ただ電話相談はその機関が相談を受ける内容を独自で決めているのでこの限りではない。対応者を専門に置き継続的に話を聞く場合もある。

どの形態の受け方であっても、まずは苦しさ辛さを抱える相談者のしんどさを受けとめ和らげることを目的として、話を聴くことが根底にある。

「相談」は専門性を有することであるから本来ならしかるべき訓練期間を設け、しっかりした研修、実習を受け認められたものが資格を受けるべきであるが、現実は「相談業務」は残念ながらちゃんとした認定制度はない。その機関が独自に認めた者が相談員として相談窓口担当にあたっているにすぎない。これは相談者にとっては危険きわまりない。

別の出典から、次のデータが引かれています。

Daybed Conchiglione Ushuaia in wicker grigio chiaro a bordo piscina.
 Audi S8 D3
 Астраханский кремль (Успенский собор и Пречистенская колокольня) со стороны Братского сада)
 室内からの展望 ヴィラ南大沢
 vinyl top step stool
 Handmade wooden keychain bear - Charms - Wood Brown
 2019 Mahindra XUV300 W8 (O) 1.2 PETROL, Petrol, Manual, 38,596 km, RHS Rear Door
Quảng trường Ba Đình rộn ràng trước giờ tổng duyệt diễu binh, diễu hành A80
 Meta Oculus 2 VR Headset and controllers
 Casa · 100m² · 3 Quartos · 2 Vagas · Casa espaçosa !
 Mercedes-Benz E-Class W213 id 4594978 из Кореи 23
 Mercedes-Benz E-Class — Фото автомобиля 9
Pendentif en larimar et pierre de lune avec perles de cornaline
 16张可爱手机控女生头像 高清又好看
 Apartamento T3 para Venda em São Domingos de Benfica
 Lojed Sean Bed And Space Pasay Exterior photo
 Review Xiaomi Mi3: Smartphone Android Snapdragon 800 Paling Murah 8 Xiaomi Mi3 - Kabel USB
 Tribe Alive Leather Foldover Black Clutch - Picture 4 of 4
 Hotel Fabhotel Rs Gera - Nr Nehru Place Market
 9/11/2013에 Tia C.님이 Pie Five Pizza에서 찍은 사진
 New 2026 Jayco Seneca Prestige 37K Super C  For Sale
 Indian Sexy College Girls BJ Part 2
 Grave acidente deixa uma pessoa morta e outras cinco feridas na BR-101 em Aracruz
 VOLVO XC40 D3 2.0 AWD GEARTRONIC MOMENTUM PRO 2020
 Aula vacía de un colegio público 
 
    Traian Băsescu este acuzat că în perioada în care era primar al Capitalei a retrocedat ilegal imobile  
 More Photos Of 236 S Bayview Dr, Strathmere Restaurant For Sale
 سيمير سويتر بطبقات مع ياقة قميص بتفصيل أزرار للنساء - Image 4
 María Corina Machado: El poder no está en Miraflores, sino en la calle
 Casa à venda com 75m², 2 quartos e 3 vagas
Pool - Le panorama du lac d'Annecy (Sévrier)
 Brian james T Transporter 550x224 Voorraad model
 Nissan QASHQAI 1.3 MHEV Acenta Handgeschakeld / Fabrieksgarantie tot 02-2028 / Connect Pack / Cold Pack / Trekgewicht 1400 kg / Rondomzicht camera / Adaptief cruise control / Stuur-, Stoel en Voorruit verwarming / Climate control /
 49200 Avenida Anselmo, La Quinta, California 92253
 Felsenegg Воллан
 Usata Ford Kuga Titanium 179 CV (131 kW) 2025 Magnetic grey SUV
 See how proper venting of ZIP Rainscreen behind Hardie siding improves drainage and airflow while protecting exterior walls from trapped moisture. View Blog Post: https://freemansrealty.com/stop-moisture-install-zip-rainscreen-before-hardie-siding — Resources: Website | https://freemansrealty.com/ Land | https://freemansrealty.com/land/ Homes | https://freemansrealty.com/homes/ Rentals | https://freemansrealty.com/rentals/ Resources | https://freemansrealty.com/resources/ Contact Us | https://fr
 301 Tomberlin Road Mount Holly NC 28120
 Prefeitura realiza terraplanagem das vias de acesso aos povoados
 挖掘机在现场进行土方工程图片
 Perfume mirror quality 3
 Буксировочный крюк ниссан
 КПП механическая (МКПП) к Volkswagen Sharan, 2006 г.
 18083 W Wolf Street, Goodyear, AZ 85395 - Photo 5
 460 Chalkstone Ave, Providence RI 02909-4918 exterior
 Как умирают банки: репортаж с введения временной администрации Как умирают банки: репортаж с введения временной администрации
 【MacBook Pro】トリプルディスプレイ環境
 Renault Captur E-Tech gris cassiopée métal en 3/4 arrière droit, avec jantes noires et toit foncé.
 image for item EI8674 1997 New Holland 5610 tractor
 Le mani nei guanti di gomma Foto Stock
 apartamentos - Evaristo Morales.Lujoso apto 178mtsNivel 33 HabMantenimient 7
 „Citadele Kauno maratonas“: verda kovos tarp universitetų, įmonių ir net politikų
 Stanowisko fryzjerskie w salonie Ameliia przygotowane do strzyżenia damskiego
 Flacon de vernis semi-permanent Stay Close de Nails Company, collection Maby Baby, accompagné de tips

例えば、レイプ被害にあった人が苦しさ辛さの軽減を望み相談をしているにもかかわらず相談員から「あなたにもすきがあったのでは」等の言葉を投げかけられ、傷つき『二次被害』にあうこともある。こういうことはあってはならないことである。


・電話相談の定義

特に「電話相談」の定義はない。

相談者には定義がないので、相談員の方がある程度の定義を頭の中に置いておく必要がある。

話しされる内容は今、ここでのこと。

過去や未来の話や自分以外の人の話しをされたなら、

「今、今日困ってられることは何でしょう?」

と相談員が本筋に戻す事。

あちこちに広がる話は、「その中で一番しんどく感じてられることは?」

「ちょっと頑張れば、自分でなんとかできそうなことは?」

等話の焦点を絞ってゆくことが大切。

ただただ、だらだら相談者の話をきき続けることではない。それは知り合いの気の良いおじさん、おばさん。故知の友人関係。それはそれで大切な関係だが、ここでいう「相談」の枠組みではない。

あくまでも「相談」の専門性を持つことが必要。


・三通りのきき方

話のきき方には三通りある。

場面によってきき方が違う。

どれが大切というのではない。

だが特にしんどさを抱えている人には、まず「聴く」ことが必要。

◎聞く(hear)

事柄、事実を聞く(状況、事実確認)

◎訊く(ask)

こちらの知りたいことを訊く、尋ねる 質問すること(情報収集)

◎聴く(listen)

気持ちを聴く(言葉と気持ちや想いを受けとめる)


・基本のき

相談の基本

困りごとに対して、

①どんな思いをしているのか?

②どうなればいいと思うのか?

③そうできるように自分では何ができるのか?

どう思う? どうなればいい? どうできる?

相談員からこうすれば、ああすればを言う前に、相談者ができること、してゆくことを自分で答えを出すこと、考えることが大切。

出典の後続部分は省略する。